[Start of section]
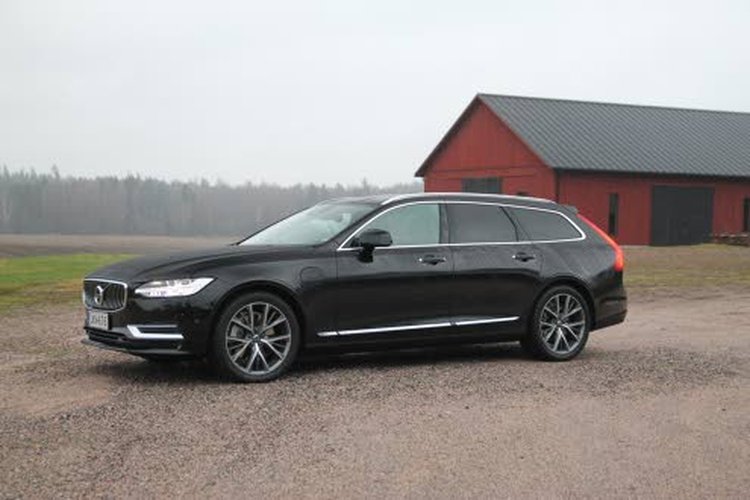 Volvo T8-mallia voisi kutsua monivetoiseksi. Kun ajetaan pelkällä bensamoottorilla, auto on etuvetoinen. Sähköllä ajettaessa auto on puolestaan takavetoinen.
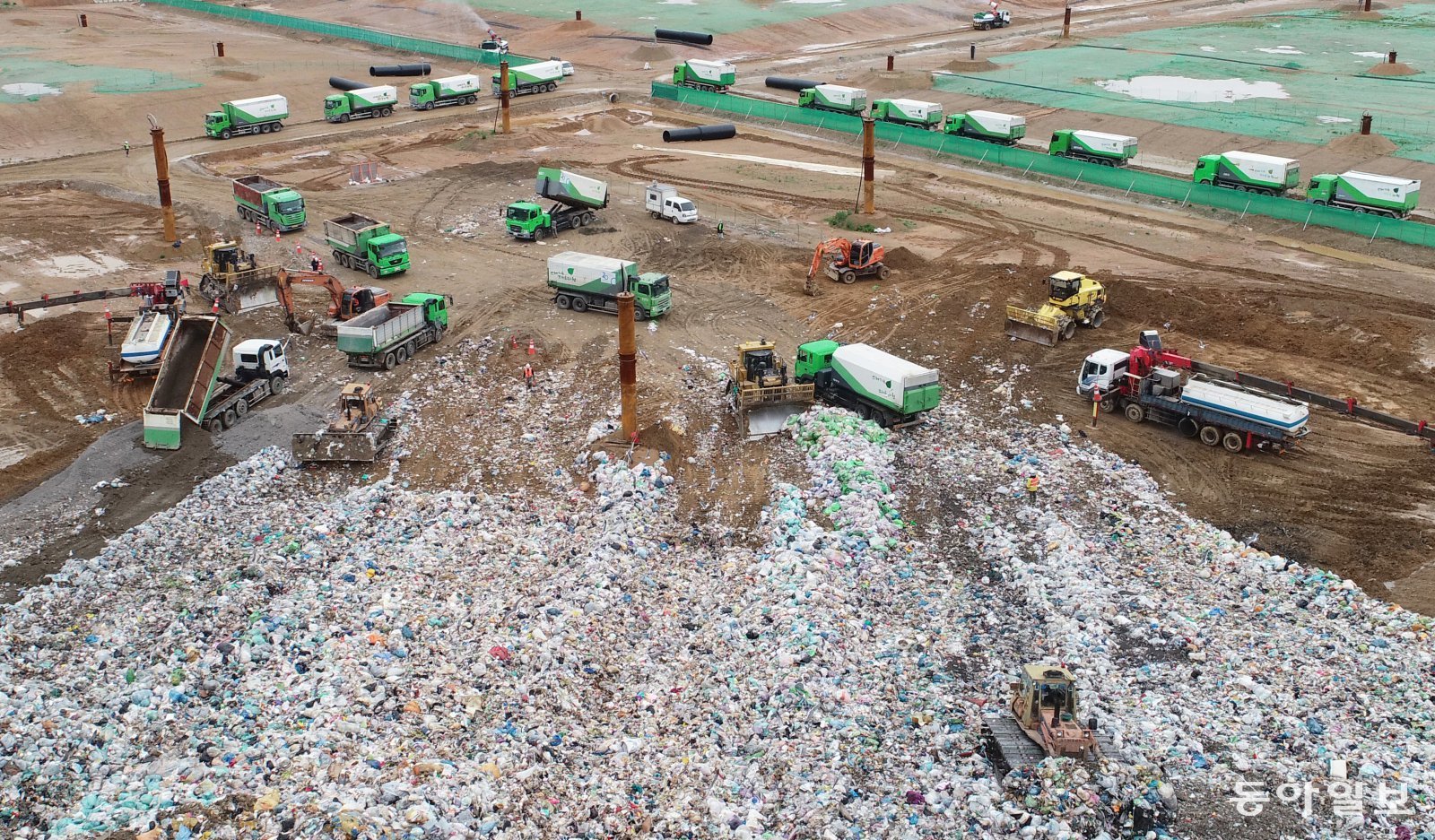 인천 서구 수도권매립지 3-1공구에서 쓰레기를 매립하는 모습. 2026년 1월 1일부터 수도권 생활폐기물 직매립이 금지되지만 소각장 구축이 원활하게 진행되지 않아 빨간불이 켜졌다. 인천=양회성 기자 yohan@donga.com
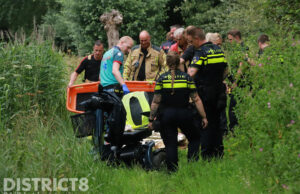 Omstanders en hulpdiensten redden man in scootmobiel uit sloot Ir H.A. Haitsmapad Rijswijk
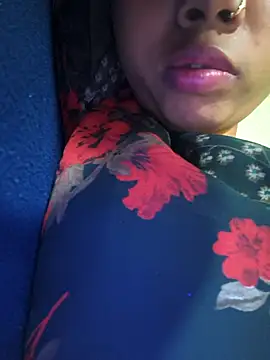 Couple romence1 online show from March 3, 2026, 11:39 am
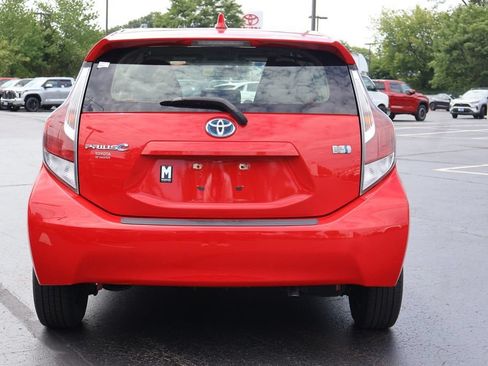 Certified 2016 Toyota Prius C Two FWD image 7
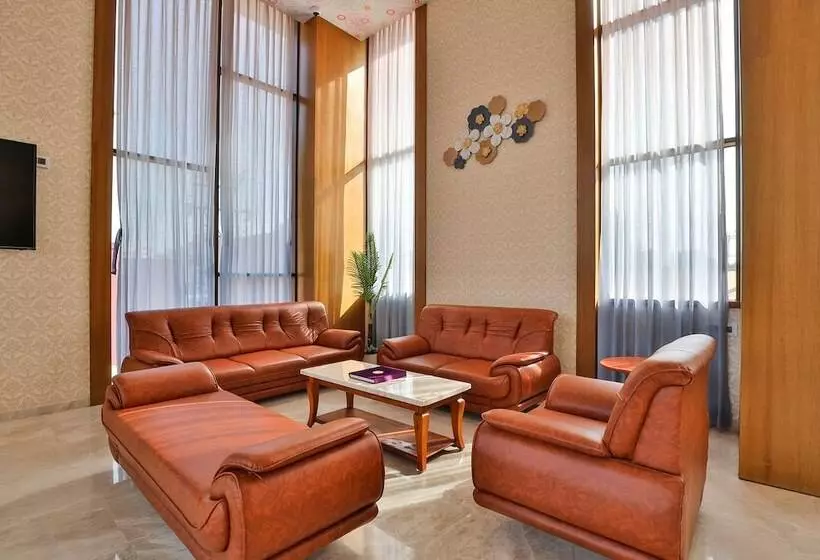 Fabhotel Prime Empyrean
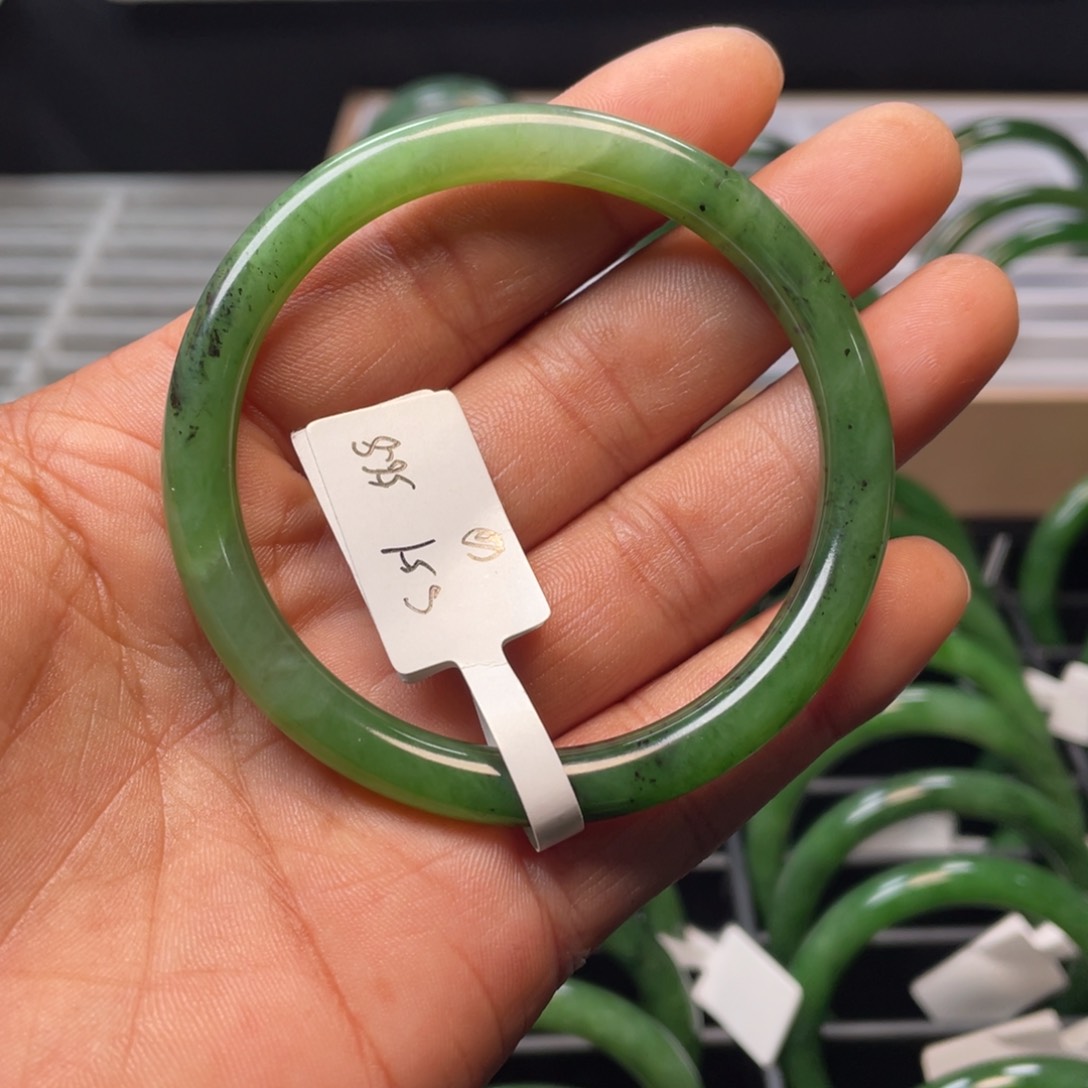 和田玉（碧玉）手镯未镶嵌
[End of section]
**Problem to solve:**
Transcribe all of the records exactly, without reproducing their pictures.

**Final answer:**
 Volvo T8-mallia voisi kutsua monivetoiseksi. Kun ajetaan pelkällä bensamoottorilla, auto on etuvetoinen. Sähköllä ajettaessa auto on puolestaan takavetoinen.
 인천 서구 수도권매립지 3-1공구에서 쓰레기를 매립하는 모습. 2026년 1월 1일부터 수도권 생활폐기물 직매립이 금지되지만 소각장 구축이 원활하게 진행되지 않아 빨간불이 켜졌다. 인천=양회성 기자 yohan@donga.com
 Omstanders en hulpdiensten redden man in scootmobiel uit sloot Ir H.A. Haitsmapad Rijswijk
 Couple romence1 online show from March 3, 2026, 11:39 am
 Certified 2016 Toyota Prius C Two FWD image 7
 Fabhotel Prime Empyrean
 和田玉（碧玉）手镯未镶嵌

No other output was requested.